— Task details —
A word-for-word copy of the data is what's wanted, with no pictures.
#### Source material ####
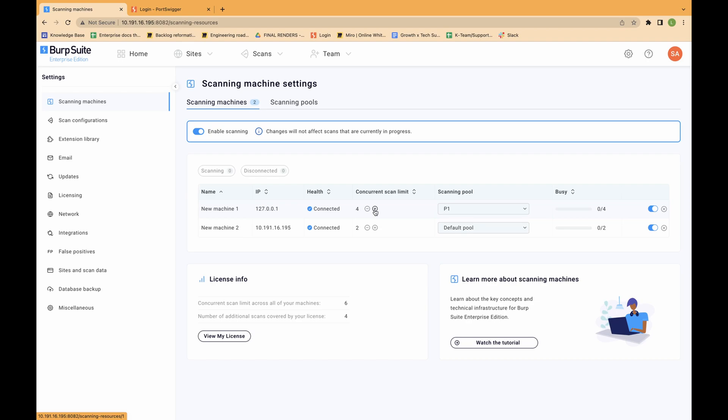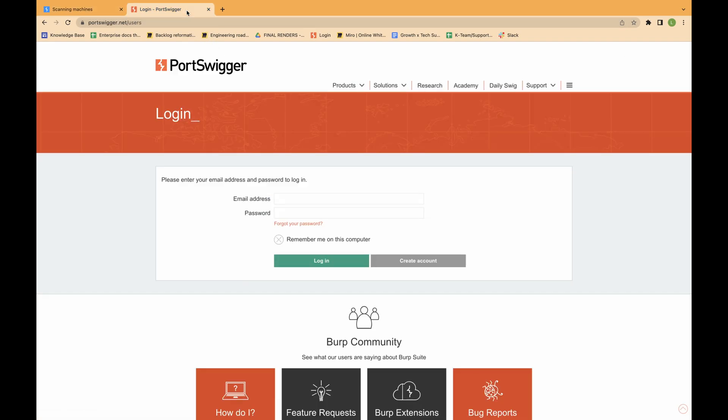You can purchase a license for more concurrent scans at any time by logging onto your account page on our website portswigger.net.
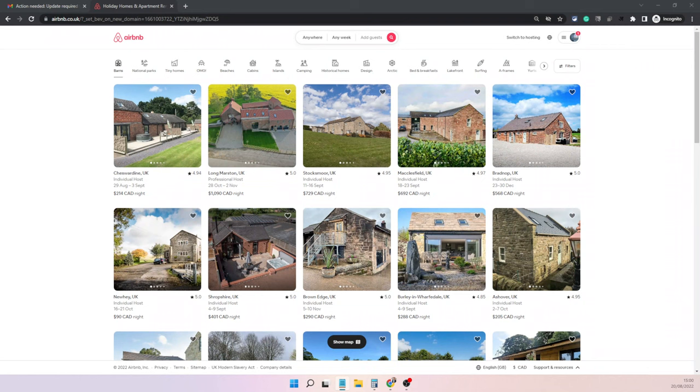In this video I will show you how you can add or update your short-term rental license number on Airbnb. To do this, you need to log into Airbnb from your computer.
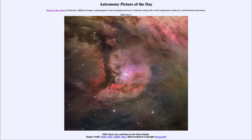Greetings and welcome to the introduction to astronomy. One of the things that I like to do in each of my introductory astronomy classes is to begin the class with the Astronomy Picture of the Day, from the NASA website at apod.nasa.gov/apod.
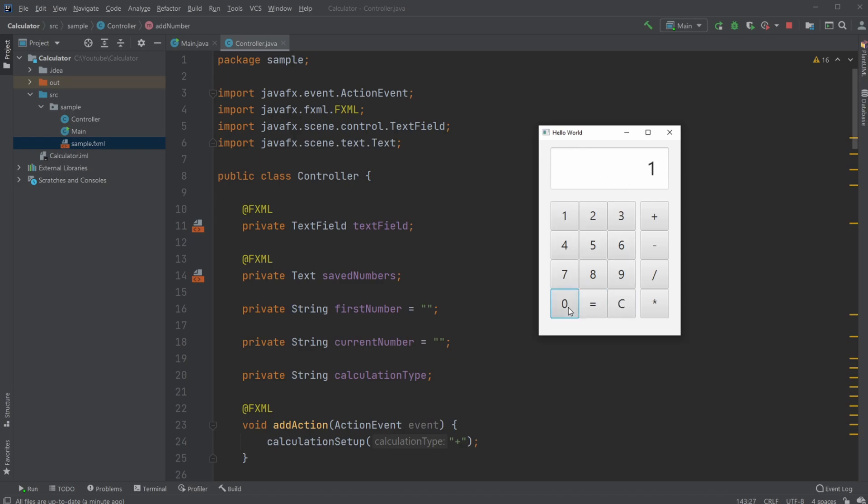You can do 10 divided by 2, plus 5.09 times 3, plus 27, and so on. So how it works:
####
— Completed task —
You can purchase a license for more concurrent scans at any time by logging onto your account page on our website portswigger.net.
In this video I will show you how you can add or update your short-term rental license number on Airbnb. To do this, you need to log into Airbnb from your computer.
Greetings and welcome to the introduction to astronomy. One of the things that I like to do in each of my introductory astronomy classes is to begin the class with the Astronomy Picture of the Day, from the NASA website at apod.nasa.gov/apod.
You can do 10 divided by 2, plus 5.09 times 3, plus 27, and so on. So how it works:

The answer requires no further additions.